Exercise:
Reproduce the listing below in full and without alteration, apart from its pictures.

Data block:
○ ○ ○ ○ ○ ○ ○

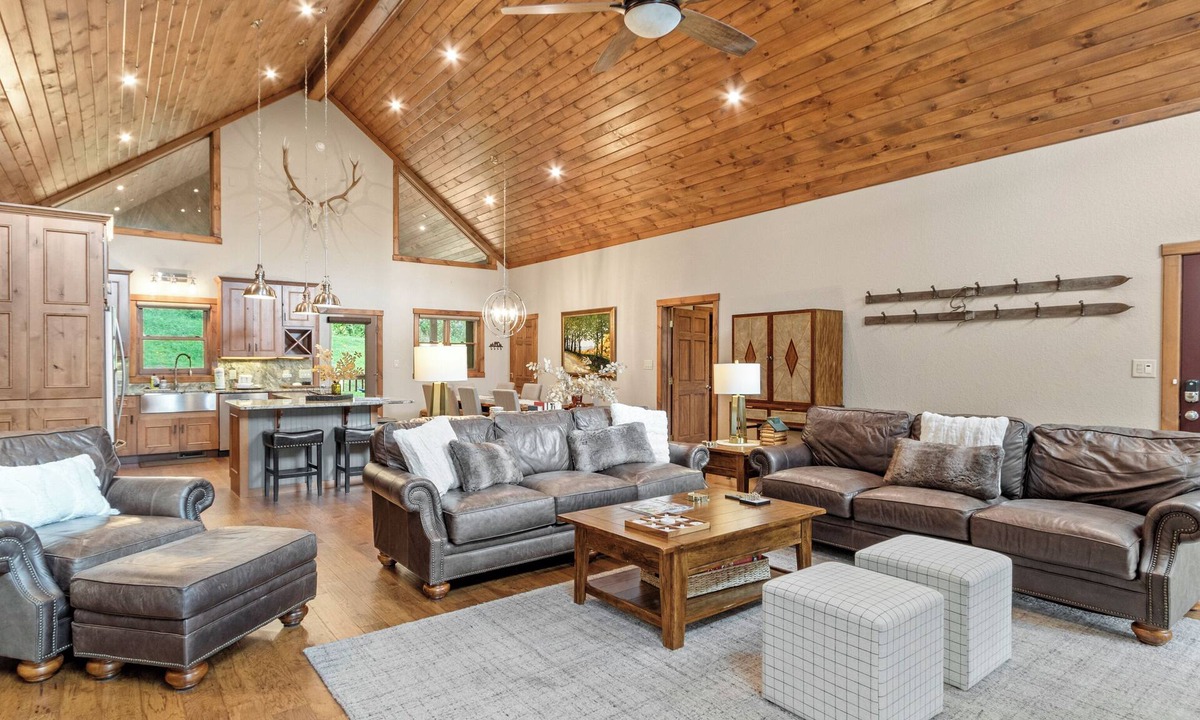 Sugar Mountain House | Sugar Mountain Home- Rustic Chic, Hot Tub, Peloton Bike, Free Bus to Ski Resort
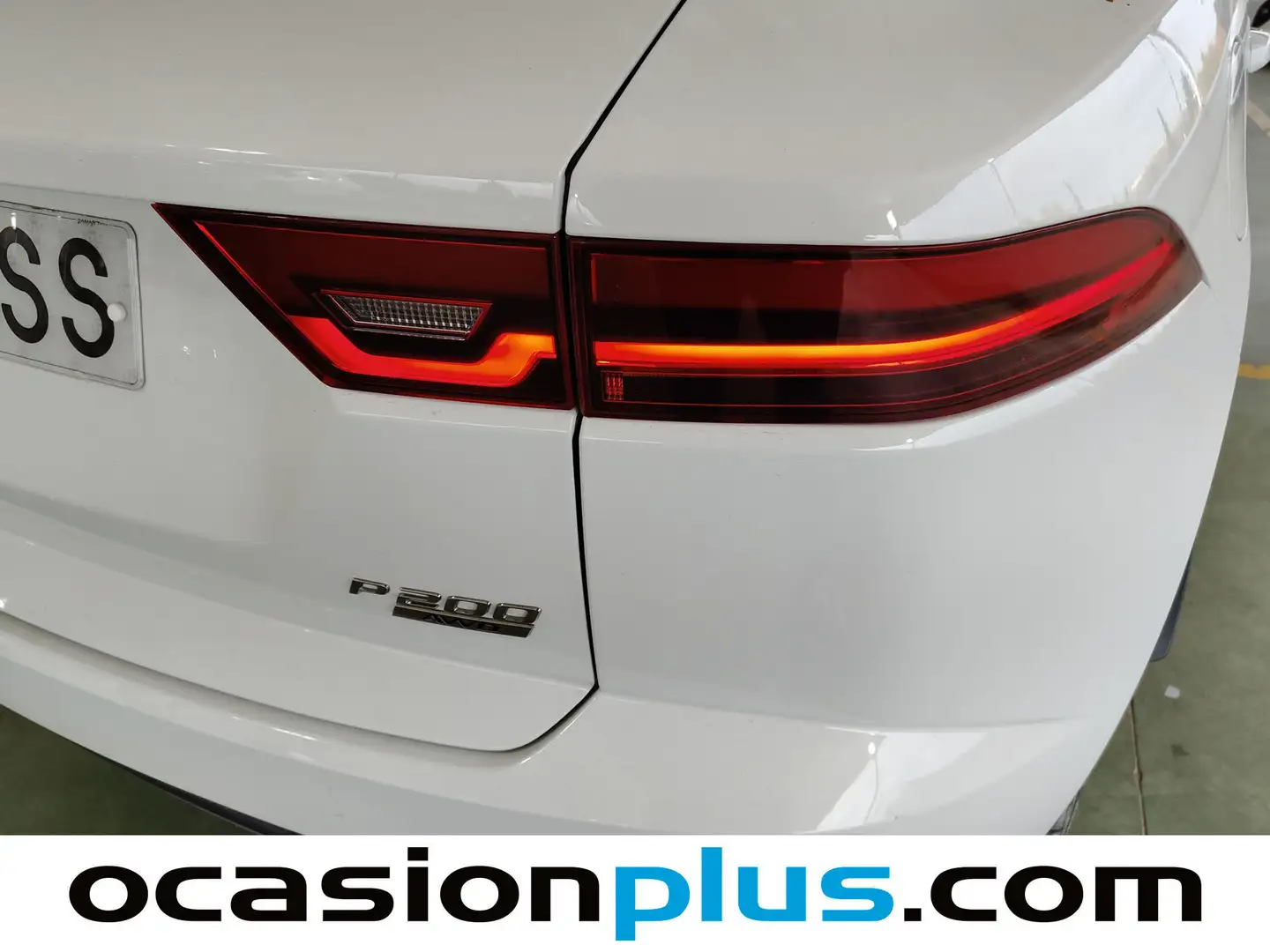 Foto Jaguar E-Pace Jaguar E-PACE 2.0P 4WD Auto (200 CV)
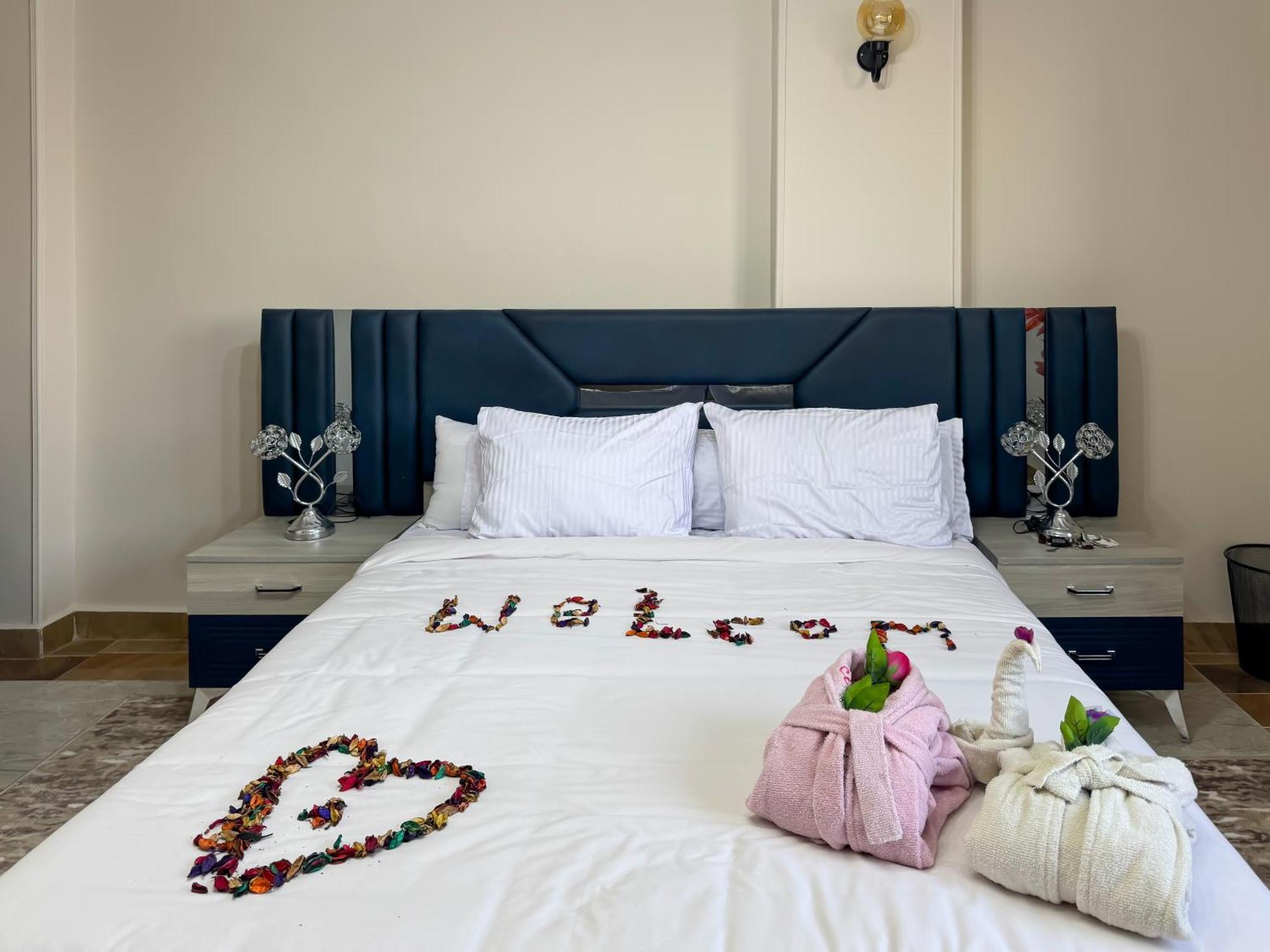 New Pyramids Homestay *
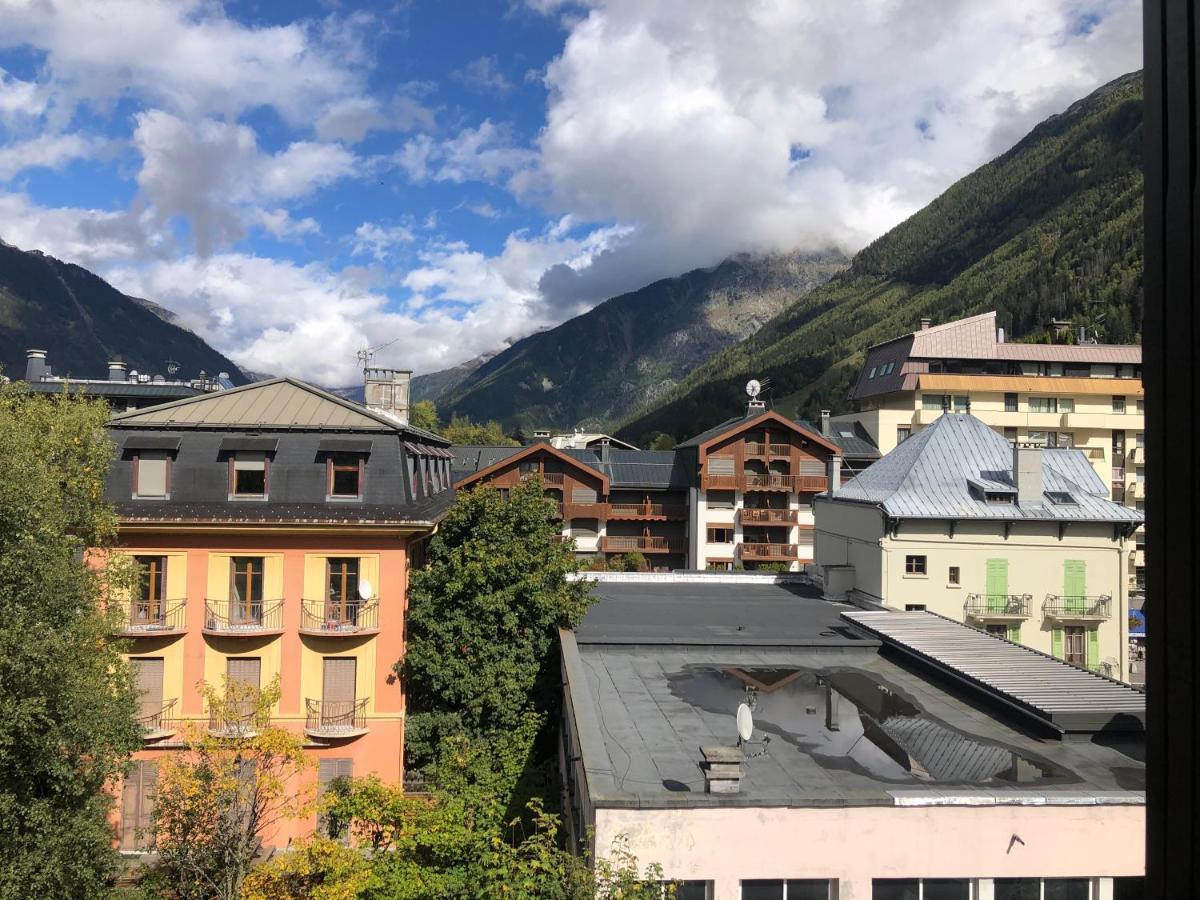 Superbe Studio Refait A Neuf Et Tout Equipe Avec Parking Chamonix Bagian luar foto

○ ○ ○ ○ ○ ○ ○

Output for this exercise:
 Sugar Mountain House | Sugar Mountain Home- Rustic Chic, Hot Tub, Peloton Bike, Free Bus to Ski Resort
 Foto Jaguar E-Pace Jaguar E-PACE 2.0P 4WD Auto (200 CV)
 New Pyramids Homestay *
 Superbe Studio Refait A Neuf Et Tout Equipe Avec Parking Chamonix Bagian luar foto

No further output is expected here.